Personal information
- Date of birth: 6 November 1983 (age 41)
- Place of birth: Western Australia
- Height: 194 cm (6 ft 4 in)
- Weight: 99 kg (15 st 8 lb; 218 lb)
- Position(s): Ruckman

Playing career
- Years: Club / Games (Goals)
- 2001–2002: Subiaco (WAFL) / 19 (14)
- 2003–2005: Port Adelaide (SANFL) / 34 0(?)
- 2006–2009: South Adelaide (SANFL) / 80 0(?)
- 2010–2013: Woodville-West Torrens (SANFL) / 73 0(?)

Career highlights
- SANFL debut with Port Adelaide in 2003; Woodville-West Torrens Premiership player 2011; SANFL Jack Oatey Medallist 2011; 2 State Games for South Australia (2012, 2013);

= Craig Parry (footballer) =

Australian Rules footballer (born 1983)

Craig Parry (born 11 June 1983) is an Australian Rules footballer who played for Subiaco in the West Australian Football League (WAFL) and Port Adelaide Magpies, South Adelaide and Woodville-West Torrens in the South Australian National Football League (SANFL). Parry won the SANFL premiership with Woodville-West Torrens in 2011.

==Career==
Parry, a 6 ft 4 in tall Ruckman, was recruited from Western Australia by the Port Adelaide Magpies and made his SANFL debut with the famous club in 2003. He would play in 34 games for the Magpies before signing to play with the South Adelaide Panthers. After playing another 80 SANFL games while with Souths, Parry once again moved on and was signed by the WWT Eagles for the 2010 SANFL season.

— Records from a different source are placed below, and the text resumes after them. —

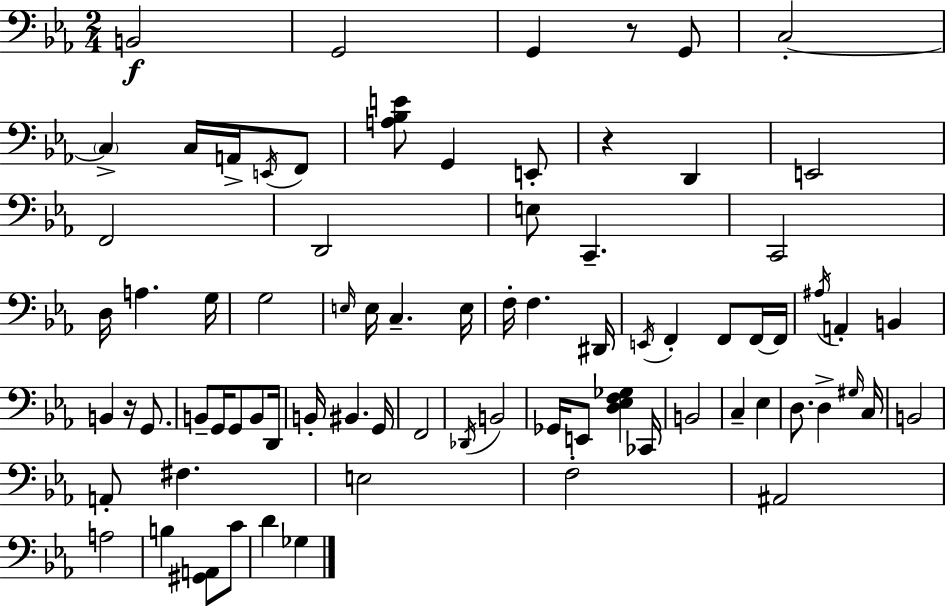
X:1
T:Untitled
M:2/4
L:1/4
K:Cm
B,,2 G,,2 G,, z/2 G,,/2 C,2 C, C,/4 A,,/4 E,,/4 F,,/2 [A,_B,E]/2 G,, E,,/2 z D,, E,,2 F,,2 D,,2 E,/2 C,, C,,2 D,/4 A, G,/4 G,2 E,/4 E,/4 C, E,/4 F,/4 F, ^D,,/4 E,,/4 F,, F,,/2 F,,/4 F,,/4 ^A,/4 A,, B,, B,, z/4 G,,/2 B,,/2 G,,/4 G,,/2 B,,/2 D,,/4 B,,/4 ^B,, G,,/4 F,,2 _D,,/4 B,,2 _G,,/4 E,,/2 [D,_E,F,_G,] _C,,/4 B,,2 C, _E, D,/2 D, ^G,/4 C,/4 B,,2 A,,/2 ^F, E,2 F,2 ^A,,2 A,2 B, [^G,,A,,]/2 C/2 D _G,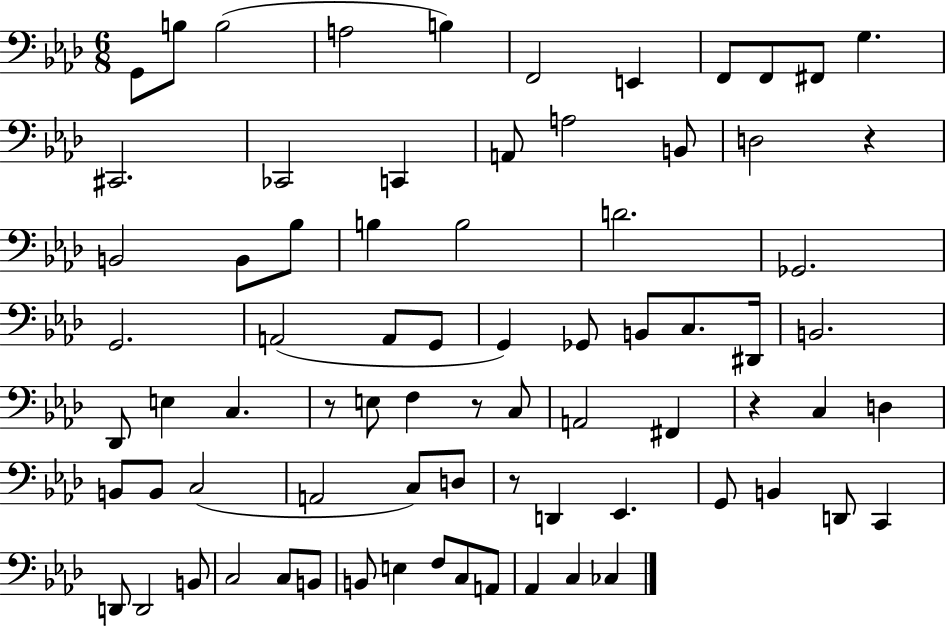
G2/e B3/e B3/h A3/h B3/q F2/h E2/q F2/e F2/e F#2/e G3/q. C#2/h. CES2/h C2/q A2/e A3/h B2/e D3/h R/q B2/h B2/e Bb3/e B3/q B3/h D4/h. Gb2/h. G2/h. A2/h A2/e G2/e G2/q Gb2/e B2/e C3/e. D#2/s B2/h. Db2/e E3/q C3/q. R/e E3/e F3/q R/e C3/e A2/h F#2/q R/q C3/q D3/q B2/e B2/e C3/h A2/h C3/e D3/e R/e D2/q Eb2/q. G2/e B2/q D2/e C2/q D2/e D2/h B2/e C3/h C3/e B2/e B2/e E3/q F3/e C3/e A2/e Ab2/q C3/q CES3/q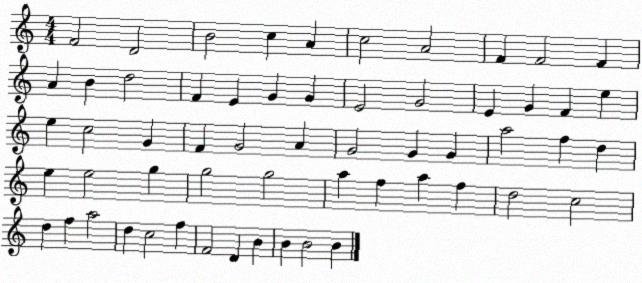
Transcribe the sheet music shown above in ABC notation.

X:1
T:Untitled
M:4/4
L:1/4
K:C
F2 D2 B2 c A c2 A2 F F2 F A B d2 F E G G E2 G2 E G F e e c2 G F G2 A G2 G G a2 f d e e2 g g2 g2 a f a f d2 c2 d f a2 d c2 f F2 D B B B2 B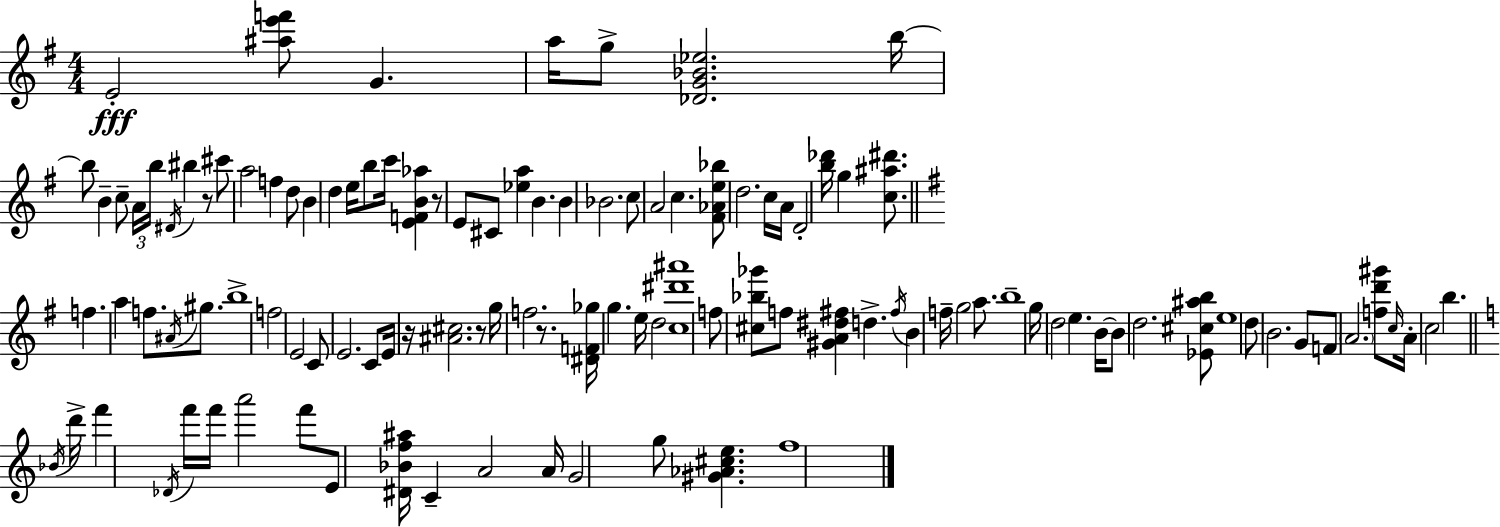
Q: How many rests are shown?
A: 5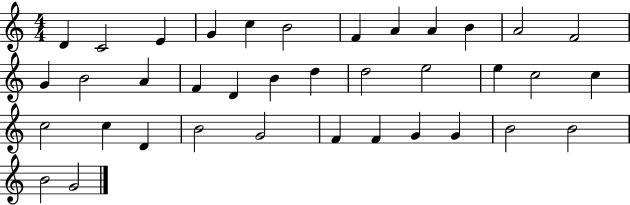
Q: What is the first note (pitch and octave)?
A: D4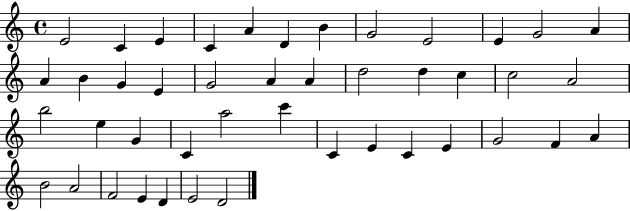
{
  \clef treble
  \time 4/4
  \defaultTimeSignature
  \key c \major
  e'2 c'4 e'4 | c'4 a'4 d'4 b'4 | g'2 e'2 | e'4 g'2 a'4 | \break a'4 b'4 g'4 e'4 | g'2 a'4 a'4 | d''2 d''4 c''4 | c''2 a'2 | \break b''2 e''4 g'4 | c'4 a''2 c'''4 | c'4 e'4 c'4 e'4 | g'2 f'4 a'4 | \break b'2 a'2 | f'2 e'4 d'4 | e'2 d'2 | \bar "|."
}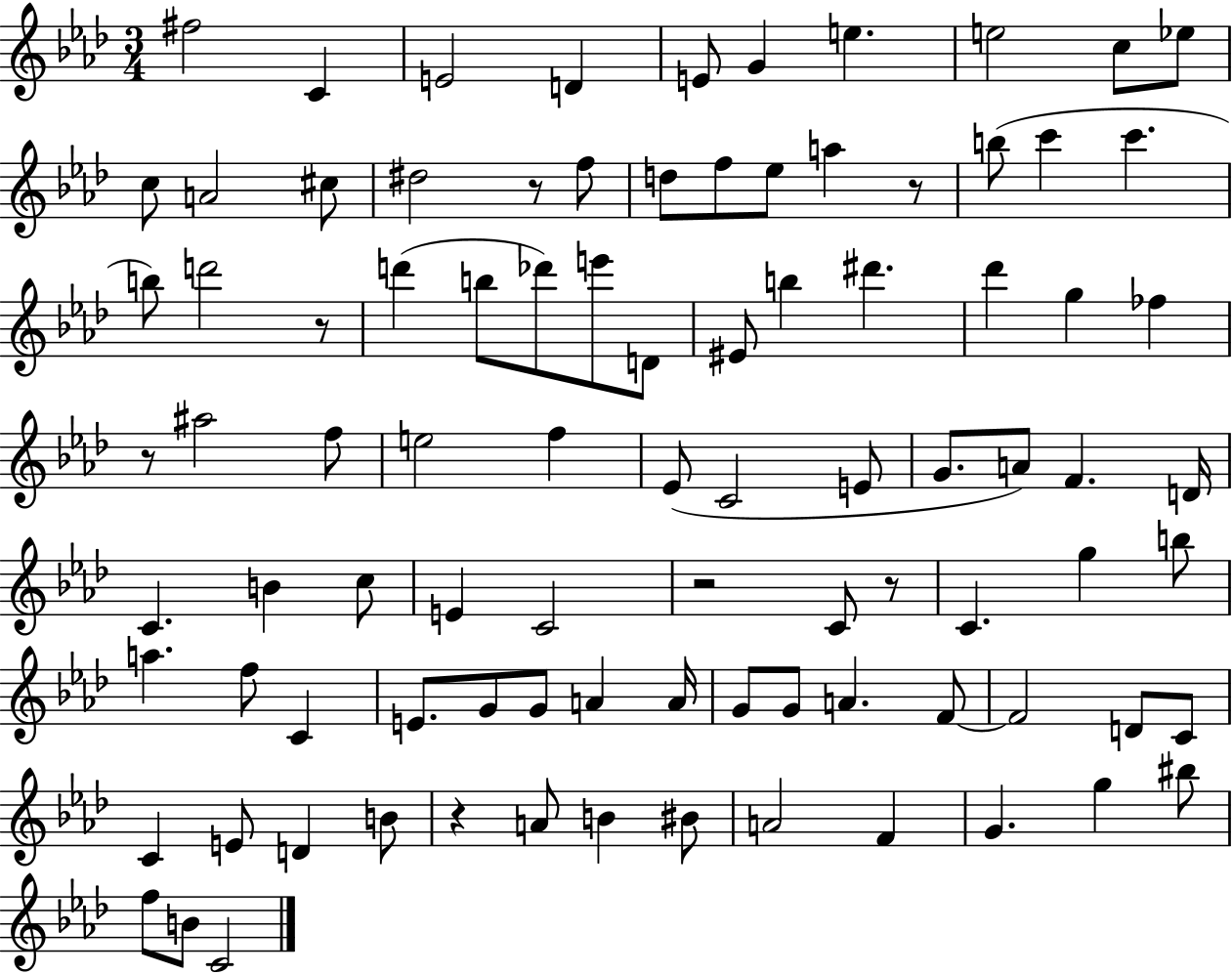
{
  \clef treble
  \numericTimeSignature
  \time 3/4
  \key aes \major
  fis''2 c'4 | e'2 d'4 | e'8 g'4 e''4. | e''2 c''8 ees''8 | \break c''8 a'2 cis''8 | dis''2 r8 f''8 | d''8 f''8 ees''8 a''4 r8 | b''8( c'''4 c'''4. | \break b''8) d'''2 r8 | d'''4( b''8 des'''8) e'''8 d'8 | eis'8 b''4 dis'''4. | des'''4 g''4 fes''4 | \break r8 ais''2 f''8 | e''2 f''4 | ees'8( c'2 e'8 | g'8. a'8) f'4. d'16 | \break c'4. b'4 c''8 | e'4 c'2 | r2 c'8 r8 | c'4. g''4 b''8 | \break a''4. f''8 c'4 | e'8. g'8 g'8 a'4 a'16 | g'8 g'8 a'4. f'8~~ | f'2 d'8 c'8 | \break c'4 e'8 d'4 b'8 | r4 a'8 b'4 bis'8 | a'2 f'4 | g'4. g''4 bis''8 | \break f''8 b'8 c'2 | \bar "|."
}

It was with at the Eagles that Parry's career started to blossom. Already regarded as one of the better big men in the SANFL, he would be a member of the Eagles team which surprised reigning premiers Central District in the 2011 SANFL Grand Final at AAMI Stadium, the Eagles winning their third premiership with a 12.9 (81) to 11.12 (78) in front of 25,234 fans. Parry was judged the best player on the ground and was awarded the Jack Oatey Medal for his efforts.

Following the Grand Final win, Parry shelved retirement plans and committed to a further season with the Eagles. He committed to play his 4th season with the club when he also re-signed for the 2013 season.

His good form continued in 2012, despite the Eagles slow start to the season, and he was rewarded be selection for South Australia for their Interstate Game against Western Australia. After helping the Croweaters to a 15.11 (101) to 13.9 (87) win, he was again selected for SA in 2013 and was the dominant ruckman on the ground in SA's 21.14 (140) to 9.4 (58) over the NEAFL North team.